[Caption-style text data]
* * * * * * * * *
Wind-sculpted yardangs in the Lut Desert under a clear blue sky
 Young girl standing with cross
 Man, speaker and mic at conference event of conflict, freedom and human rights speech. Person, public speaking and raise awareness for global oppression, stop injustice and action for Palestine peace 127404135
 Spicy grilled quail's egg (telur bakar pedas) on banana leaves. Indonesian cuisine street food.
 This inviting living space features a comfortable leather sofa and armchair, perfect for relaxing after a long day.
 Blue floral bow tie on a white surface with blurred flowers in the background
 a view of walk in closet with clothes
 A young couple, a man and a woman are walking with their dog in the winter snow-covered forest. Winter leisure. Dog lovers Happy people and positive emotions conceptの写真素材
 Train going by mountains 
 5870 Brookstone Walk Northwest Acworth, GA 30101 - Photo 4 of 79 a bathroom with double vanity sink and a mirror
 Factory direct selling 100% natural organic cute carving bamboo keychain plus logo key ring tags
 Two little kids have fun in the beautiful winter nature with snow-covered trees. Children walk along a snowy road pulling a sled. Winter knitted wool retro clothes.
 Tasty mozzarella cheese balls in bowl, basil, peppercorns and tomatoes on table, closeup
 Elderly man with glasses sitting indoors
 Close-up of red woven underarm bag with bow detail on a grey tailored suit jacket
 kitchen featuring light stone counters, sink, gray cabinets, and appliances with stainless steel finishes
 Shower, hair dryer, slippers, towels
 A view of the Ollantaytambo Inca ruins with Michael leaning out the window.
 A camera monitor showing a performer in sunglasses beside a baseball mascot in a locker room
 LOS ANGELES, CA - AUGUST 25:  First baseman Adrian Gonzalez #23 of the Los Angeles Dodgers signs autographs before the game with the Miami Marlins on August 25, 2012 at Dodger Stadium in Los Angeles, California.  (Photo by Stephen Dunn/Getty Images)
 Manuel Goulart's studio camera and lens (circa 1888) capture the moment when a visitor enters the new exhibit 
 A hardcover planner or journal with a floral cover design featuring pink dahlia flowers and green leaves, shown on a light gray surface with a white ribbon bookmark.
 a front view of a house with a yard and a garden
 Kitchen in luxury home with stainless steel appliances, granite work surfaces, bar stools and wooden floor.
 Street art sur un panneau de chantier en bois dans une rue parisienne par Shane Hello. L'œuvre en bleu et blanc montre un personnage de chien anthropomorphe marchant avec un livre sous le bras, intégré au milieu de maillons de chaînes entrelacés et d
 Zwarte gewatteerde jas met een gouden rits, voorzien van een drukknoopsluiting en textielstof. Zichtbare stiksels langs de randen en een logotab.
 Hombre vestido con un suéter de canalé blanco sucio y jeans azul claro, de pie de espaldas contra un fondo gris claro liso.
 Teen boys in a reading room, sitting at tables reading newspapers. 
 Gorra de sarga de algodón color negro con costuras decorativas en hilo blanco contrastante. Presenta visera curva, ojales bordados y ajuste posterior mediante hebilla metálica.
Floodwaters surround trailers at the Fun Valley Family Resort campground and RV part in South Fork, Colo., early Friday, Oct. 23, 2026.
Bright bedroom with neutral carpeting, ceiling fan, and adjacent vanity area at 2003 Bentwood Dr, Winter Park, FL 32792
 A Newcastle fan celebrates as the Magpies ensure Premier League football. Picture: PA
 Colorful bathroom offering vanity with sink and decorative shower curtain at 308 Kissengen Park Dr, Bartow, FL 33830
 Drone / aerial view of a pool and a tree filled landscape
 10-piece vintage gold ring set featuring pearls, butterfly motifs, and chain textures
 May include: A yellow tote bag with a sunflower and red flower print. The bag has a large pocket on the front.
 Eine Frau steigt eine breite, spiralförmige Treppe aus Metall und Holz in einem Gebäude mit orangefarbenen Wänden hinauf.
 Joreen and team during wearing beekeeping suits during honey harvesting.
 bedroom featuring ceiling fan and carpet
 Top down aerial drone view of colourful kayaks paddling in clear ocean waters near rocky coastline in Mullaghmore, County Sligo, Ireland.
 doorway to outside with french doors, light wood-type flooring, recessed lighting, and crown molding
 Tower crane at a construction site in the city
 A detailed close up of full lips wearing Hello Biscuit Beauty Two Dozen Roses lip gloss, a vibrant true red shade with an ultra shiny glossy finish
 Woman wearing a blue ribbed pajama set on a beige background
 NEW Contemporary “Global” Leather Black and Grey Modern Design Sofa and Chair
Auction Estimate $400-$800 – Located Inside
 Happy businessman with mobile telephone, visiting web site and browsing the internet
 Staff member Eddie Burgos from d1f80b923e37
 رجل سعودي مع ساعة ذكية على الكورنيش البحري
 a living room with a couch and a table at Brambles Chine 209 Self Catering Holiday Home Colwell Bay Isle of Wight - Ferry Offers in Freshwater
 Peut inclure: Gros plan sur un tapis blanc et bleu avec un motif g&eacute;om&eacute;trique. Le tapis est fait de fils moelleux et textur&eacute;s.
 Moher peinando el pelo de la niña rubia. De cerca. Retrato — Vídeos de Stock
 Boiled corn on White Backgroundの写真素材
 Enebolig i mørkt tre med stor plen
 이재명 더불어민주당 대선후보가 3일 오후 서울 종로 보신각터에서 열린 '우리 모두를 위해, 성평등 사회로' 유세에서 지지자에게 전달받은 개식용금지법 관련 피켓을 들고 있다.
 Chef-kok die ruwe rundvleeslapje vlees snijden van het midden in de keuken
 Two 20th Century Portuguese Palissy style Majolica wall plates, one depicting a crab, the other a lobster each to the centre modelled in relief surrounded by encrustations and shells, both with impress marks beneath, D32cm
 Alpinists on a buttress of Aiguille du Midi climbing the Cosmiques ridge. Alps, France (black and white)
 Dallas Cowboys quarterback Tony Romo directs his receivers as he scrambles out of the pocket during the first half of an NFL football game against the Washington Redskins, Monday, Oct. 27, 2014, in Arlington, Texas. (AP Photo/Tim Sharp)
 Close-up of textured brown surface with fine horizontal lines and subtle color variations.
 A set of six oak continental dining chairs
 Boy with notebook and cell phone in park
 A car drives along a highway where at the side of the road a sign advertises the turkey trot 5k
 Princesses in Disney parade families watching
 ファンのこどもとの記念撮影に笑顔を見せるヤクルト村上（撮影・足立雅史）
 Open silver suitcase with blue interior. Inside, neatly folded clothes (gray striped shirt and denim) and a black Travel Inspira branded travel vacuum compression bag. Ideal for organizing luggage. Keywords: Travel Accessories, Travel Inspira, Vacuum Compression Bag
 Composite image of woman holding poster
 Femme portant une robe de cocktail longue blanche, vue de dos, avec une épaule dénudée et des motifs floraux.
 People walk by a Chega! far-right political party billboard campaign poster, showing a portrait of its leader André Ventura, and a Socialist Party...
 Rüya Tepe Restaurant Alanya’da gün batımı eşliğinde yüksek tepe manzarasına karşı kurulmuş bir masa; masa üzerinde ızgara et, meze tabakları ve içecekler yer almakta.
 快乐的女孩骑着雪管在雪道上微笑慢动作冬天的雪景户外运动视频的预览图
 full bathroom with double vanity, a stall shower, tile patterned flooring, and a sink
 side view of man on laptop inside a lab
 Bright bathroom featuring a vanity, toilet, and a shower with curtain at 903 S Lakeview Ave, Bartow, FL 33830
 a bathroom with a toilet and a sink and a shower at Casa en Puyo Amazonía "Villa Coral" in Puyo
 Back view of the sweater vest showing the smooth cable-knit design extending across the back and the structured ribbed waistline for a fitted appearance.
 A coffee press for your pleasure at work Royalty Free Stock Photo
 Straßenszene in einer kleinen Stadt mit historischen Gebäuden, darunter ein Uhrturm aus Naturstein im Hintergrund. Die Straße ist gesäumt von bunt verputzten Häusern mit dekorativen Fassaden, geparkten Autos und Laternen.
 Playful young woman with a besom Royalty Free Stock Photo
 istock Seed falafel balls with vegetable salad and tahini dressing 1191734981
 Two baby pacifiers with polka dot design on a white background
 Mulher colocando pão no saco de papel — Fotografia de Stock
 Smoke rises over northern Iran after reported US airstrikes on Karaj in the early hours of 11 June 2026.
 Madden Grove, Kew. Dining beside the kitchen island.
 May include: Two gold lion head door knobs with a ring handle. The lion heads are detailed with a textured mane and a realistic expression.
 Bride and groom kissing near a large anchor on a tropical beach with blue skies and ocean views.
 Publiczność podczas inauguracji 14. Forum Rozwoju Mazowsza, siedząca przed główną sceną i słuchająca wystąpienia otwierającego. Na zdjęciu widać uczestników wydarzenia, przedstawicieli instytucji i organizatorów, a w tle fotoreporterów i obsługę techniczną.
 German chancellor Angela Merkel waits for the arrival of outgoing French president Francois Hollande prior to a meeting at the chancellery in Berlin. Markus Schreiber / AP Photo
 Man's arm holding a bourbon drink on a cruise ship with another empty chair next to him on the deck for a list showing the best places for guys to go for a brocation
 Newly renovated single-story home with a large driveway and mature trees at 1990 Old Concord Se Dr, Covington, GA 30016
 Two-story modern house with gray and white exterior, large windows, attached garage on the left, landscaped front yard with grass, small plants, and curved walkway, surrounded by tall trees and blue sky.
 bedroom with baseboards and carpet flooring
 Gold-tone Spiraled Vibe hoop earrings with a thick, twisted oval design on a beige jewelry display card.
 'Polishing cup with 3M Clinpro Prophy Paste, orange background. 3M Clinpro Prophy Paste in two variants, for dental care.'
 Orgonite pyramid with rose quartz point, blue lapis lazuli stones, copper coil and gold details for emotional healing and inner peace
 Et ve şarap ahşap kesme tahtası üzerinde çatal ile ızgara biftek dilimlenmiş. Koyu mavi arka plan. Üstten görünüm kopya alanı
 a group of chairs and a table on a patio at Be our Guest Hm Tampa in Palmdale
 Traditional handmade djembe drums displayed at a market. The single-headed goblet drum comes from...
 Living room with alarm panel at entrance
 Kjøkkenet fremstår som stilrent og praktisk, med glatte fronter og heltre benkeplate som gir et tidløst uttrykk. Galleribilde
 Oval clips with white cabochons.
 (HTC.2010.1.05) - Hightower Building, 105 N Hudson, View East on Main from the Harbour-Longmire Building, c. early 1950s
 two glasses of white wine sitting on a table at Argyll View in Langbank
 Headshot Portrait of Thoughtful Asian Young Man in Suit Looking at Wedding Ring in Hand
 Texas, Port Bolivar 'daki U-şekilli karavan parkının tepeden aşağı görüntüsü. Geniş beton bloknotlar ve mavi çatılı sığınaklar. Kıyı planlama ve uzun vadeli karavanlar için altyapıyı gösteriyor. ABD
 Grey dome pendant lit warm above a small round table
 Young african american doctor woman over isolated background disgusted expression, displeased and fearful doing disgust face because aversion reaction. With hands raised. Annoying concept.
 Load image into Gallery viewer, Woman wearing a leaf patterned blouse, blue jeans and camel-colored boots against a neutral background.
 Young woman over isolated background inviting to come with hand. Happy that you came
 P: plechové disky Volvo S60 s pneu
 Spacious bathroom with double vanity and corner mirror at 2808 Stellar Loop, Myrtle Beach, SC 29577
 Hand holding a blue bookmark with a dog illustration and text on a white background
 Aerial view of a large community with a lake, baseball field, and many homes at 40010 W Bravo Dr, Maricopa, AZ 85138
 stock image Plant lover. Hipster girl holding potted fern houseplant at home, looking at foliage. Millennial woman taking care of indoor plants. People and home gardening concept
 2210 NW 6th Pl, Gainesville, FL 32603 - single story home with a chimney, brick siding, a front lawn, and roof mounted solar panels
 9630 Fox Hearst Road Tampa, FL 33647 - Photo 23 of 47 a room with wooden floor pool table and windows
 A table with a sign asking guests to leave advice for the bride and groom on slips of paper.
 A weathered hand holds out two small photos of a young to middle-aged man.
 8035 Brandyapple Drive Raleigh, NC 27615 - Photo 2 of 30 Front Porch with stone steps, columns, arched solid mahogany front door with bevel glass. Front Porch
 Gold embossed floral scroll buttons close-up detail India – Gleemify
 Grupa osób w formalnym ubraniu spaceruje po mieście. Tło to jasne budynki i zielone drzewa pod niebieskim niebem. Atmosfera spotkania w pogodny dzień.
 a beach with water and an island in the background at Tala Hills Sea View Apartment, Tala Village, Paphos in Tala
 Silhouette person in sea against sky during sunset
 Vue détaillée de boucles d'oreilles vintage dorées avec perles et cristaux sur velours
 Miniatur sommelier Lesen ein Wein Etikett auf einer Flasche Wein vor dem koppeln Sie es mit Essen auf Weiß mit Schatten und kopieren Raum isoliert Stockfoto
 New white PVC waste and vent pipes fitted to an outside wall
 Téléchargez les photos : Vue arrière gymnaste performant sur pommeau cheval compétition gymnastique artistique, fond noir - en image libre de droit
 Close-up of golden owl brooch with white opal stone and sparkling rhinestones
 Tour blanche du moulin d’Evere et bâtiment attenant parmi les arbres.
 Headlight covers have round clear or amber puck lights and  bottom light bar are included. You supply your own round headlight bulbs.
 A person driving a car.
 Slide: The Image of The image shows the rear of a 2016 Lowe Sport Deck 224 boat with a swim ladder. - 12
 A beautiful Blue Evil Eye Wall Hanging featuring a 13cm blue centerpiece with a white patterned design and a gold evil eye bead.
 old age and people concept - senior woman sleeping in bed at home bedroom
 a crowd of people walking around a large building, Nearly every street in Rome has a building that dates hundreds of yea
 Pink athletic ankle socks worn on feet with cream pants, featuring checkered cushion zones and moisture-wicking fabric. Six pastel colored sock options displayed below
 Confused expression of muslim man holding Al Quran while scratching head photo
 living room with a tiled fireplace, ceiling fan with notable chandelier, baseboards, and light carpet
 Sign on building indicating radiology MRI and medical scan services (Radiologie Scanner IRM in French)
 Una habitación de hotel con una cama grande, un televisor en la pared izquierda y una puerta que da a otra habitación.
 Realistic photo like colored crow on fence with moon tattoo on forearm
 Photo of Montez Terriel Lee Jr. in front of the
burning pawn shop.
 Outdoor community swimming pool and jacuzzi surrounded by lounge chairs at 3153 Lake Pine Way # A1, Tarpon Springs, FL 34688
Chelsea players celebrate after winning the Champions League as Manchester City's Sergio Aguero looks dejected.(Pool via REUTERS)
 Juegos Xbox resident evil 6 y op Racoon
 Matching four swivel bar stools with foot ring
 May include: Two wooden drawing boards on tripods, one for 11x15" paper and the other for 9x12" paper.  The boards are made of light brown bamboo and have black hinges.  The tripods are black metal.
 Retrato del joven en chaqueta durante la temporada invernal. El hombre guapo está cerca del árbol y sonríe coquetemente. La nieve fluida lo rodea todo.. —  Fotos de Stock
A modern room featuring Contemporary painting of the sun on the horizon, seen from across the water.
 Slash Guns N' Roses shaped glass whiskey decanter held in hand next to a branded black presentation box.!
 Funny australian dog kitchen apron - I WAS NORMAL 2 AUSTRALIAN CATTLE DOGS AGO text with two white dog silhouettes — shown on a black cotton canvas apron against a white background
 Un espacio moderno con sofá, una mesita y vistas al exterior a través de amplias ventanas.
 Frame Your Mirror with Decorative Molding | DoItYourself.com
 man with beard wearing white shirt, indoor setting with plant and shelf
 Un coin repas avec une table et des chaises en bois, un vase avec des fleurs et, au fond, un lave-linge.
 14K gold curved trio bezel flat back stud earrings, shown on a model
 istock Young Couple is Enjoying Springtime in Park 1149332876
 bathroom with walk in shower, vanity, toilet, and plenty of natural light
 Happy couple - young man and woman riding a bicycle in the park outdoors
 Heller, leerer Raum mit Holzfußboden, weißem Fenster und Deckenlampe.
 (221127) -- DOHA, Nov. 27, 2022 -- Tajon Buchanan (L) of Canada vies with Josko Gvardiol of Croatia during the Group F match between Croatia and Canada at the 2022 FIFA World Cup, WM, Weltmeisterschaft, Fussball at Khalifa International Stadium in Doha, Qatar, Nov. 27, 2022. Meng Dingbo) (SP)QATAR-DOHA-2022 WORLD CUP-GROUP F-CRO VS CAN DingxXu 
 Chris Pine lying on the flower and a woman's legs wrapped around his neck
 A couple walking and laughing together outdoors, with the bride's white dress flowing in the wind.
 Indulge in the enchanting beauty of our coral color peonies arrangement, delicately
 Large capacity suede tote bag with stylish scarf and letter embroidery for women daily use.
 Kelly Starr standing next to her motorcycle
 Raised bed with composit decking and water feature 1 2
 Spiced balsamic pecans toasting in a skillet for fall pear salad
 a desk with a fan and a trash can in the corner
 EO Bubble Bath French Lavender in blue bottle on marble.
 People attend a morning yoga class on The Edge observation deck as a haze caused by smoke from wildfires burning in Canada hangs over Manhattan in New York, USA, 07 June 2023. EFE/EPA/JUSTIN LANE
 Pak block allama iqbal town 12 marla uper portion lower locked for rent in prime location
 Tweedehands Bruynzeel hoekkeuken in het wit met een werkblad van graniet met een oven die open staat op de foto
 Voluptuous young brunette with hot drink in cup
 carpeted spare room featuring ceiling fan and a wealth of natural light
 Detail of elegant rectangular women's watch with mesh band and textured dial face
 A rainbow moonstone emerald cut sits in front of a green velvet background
* * * * * * * * *
Search the records for the word "shown", then list every line that has it.

 A hardcover planner or journal with a floral cover design featuring pink dahlia flowers and green leaves, shown on a light gray surface with a white ribbon bookmark.
 Funny australian dog kitchen apron - I WAS NORMAL 2 AUSTRALIAN CATTLE DOGS AGO text with two white dog silhouettes — shown on a black cotton canvas apron against a white background
 14K gold curved trio bezel flat back stud earrings, shown on a model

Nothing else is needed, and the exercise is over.